Articles

Technology Probate

Technology—Probate Editor: Daniel B. Evans, P.O. Box 27370, Philadelphia, PA 19118,  dan@evans-legal.com.

Technology—Probate provides information on current technology and microcomputer software of interest in the probate and estate planning areas. The editors of Probate & Property welcome information and suggestions from readers.

E-mail: The Good, the Bad, and the Ugly

I was on vacation for two weeks in August and shut down my computer system while I was away.

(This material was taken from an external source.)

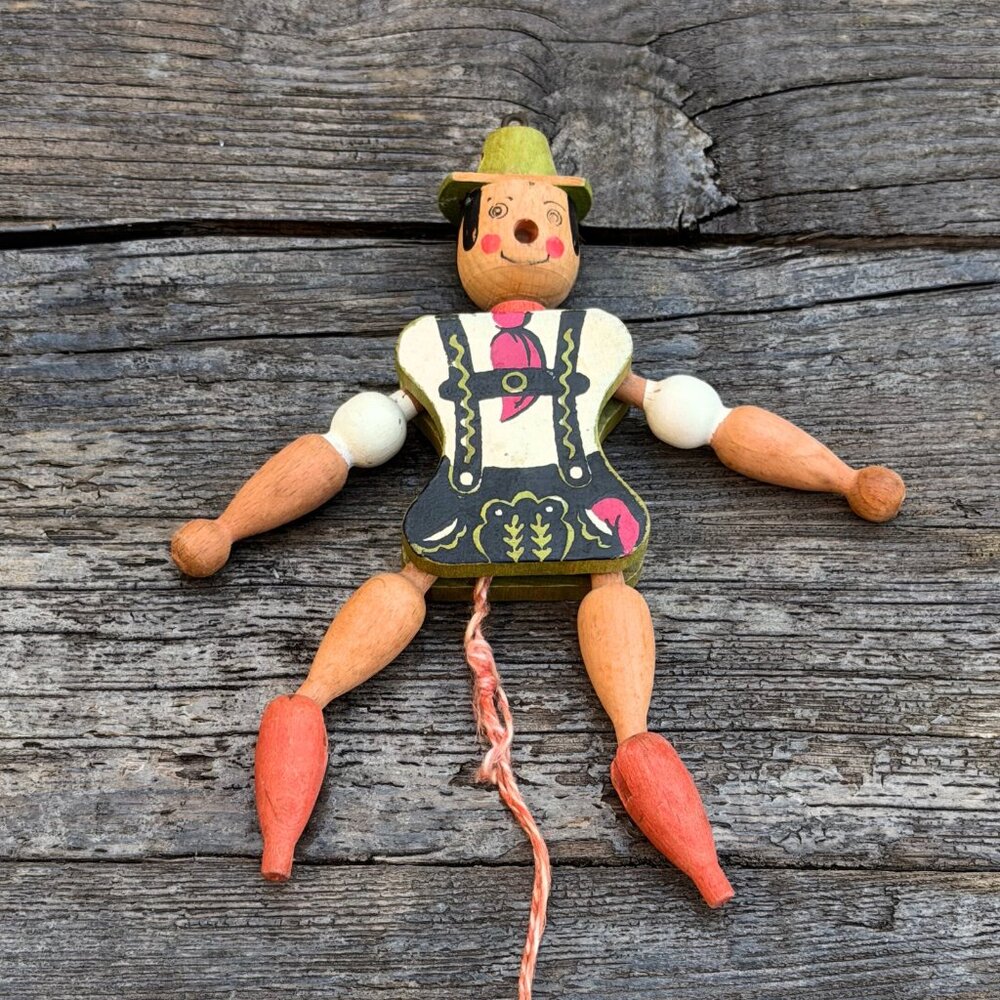 Vintage German Wood Jumping Jack Puppet Pull String Toy Wooden Lederhosen Boy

When I returned home, I found that my ISP (Internet Service Provider) had more than 1,800 messages waiting for me, of which more than 900 (that is, more than 50%) were notices relating to viruses (mainly the SoBig virus), about 50 were spam that slipped through my ISP’s filters, and the rest were messages I might want to read (mainly mailing lists thatI subscribe to).

The Bad: Viruses

Most viruses still rely on Microsoft Outlook or Windows (or both) to propagate, but (as the SoBig virus shows) they’re getting smarter (or at least sneakier).

One problem is that it is no longer as easy to tell where viruses come from. Both the SoBig and Klez viruses select an e-mail address at random to “spoof” from the infected computer, so that the next recipient of an infected message will not be able to tell where it came from. So when an infected message is intercepted, there is no point in notifying the “sender” because the e-mail address that is shown as the “sender” in the message probably had nothing to do with the message and is not infected. (For example, among the 900+ notifications I received were 40 or 50 from virus checkers notifying me thatI had sent them an infected message, which is impossible because my computer was never infected and was actually turned off at the time the messages were supposedly sent.I also got 20–30 automated “out of office” and “thank you for your inquiry” messages from commercial e-mail addresses that were undoubtedly triggered by infected messages with my return address.) Having messages with “spoofed” senders also means that the usual nostrum about “not opening messages unless you know the sender” is less useful, because the “sender” may be someone you know yet still be infected.

Another problem is that new viruses include their own e-mail system, so that they can generate and send out e-mails through an Internet connection without touching the user’s own e-mail program. This means that, once the computer is infected, the computer can be sending out hundreds or thousands ofe-mail messages without the user ever knowing. And the SoBig virus not only keeps its activities secret, but also plants a “Trojan horse” in the operating system so that the computer can be “invaded” in the future and controlled directly through the Internet without having to receive any additional infected e-mail. (One theory about the SoBig virus is that the author is actually trying to develop a network of infected “slave” computers through which to distribute spam at a profit.)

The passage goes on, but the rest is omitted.